Ready for Deep Learning

No preprocessing required: Use directly with PyTorch, TensorFlow, JAX
HuggingFace integration: Compatible with transformers library
Batch processing support: Efficient data loading for GPU training
Multiple tokenizations: Choose optimal vocabulary size for your model

Research Reproducibility

Fixed dataset splits: Predefined train/validation/test partitions
Deterministic sampling: Reproducible experiments with consistent data
Version control: Tagged releases for long-term reproducibility
Comprehensive documentation: Clear metadata and usage examples

Diverse Challenges

The heterogeneous nature provides multiple research challenges:

Cross-platform generalization: Models must learn platform-agnostic patterns
Architecture diversity: Handle different CPU instruction sets
File format variation: Process ELF, PE, Mach-O, and APK formats
Size heterogeneity: From 10KB embedded firmware to 100MB+ applications

Usage Example

from datasets import load_dataset
import torch
from torch.utils.data import DataLoader

# Load pre-tokenized dataset (64K vocabulary)
dataset = load_dataset("mjbommar/binary-30k", "tokenized-64k")

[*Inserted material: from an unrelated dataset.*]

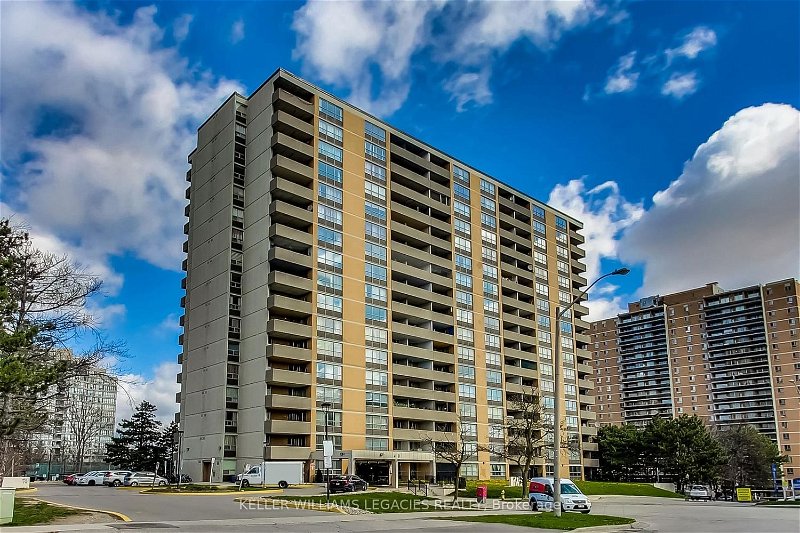 40 Panorama Crt, unit 804 for sale - image #1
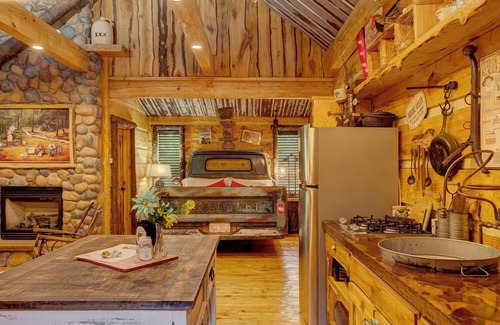 Hot Springs Cabin | Hot Sprang's Hillbilly Hiltin at Fox Pass Cabins - Private Hot tub!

# Create DataLoader for training
train_loader = DataLoader(
    dataset["train"],
    batch_size=32,
    shuffle=True,
    collate_fn=custom_collate_fn
)

# Use with transformer model
for batch in train_loader:
    tokens = batch["tokens"]
    labels = batch["labels"]

    # Forward pass through your model
    outputs = model(tokens)
    loss = criterion(outputs, labels)

    # Backward pass and optimization
    loss.backward()
    optimizer.step()

Comparison to Existing Datasets

Dataset	Size	Platforms	Formats	Architecture	Malware	DL-Ready
SOREL-20M	20M	Windows	PE	x86	✓	✗
Drebin	5.5K	Android	APK	ARM	✓	✗
EMBER	1.1M	Windows	PE	x86	✓	Partial
Binary-30K	30K	Multi	Multi	Multi	✓	✓

Binary-30K is the only dataset that combines:

Heterogeneous platform support
Multiple file formats and architectures
Raw binary data
Pre-tokenized variants for immediate use
Comprehensive metadata

Ethical Considerations

Binary-30K includes malware samples for security research. Users must:

Use responsibly: Only for legitimate research and educational purposes
Ensure containment: Execute only in isolated sandboxed environments
Follow laws: Comply with local regulations on malware possession
Cite appropriately: Reference the dataset and paper in publications

Availability

All resources are freely available:

HuggingFace Dataset: mjbommar/binary-30k
arXiv Paper: 2511.22095
Binary BPE Tokenizers: mjbommar/binary-tokenizer-001-*

Binary BPE Tokenizers: The tokenization method used for pre-processed variants
bbpe: Rust implementation for training custom binary tokenizers
Future work includes transformer baselines and pre-trained models

Impact on Binary Analysis Research

Binary-30K establishes:

Unified benchmark: A common evaluation dataset for comparing approaches
Accessibility: Lowers barriers to entry for binary analysis research
Heterogeneity: Encourages development of generalizable models
Reproducibility: Fixed splits and comprehensive metadata enable reproducible research

The dataset provides the foundation for the next generation of deep learning research in binary analysis and malware detection, enabling researchers and educators to work with realistic, diverse data without extensive preprocessing infrastructure.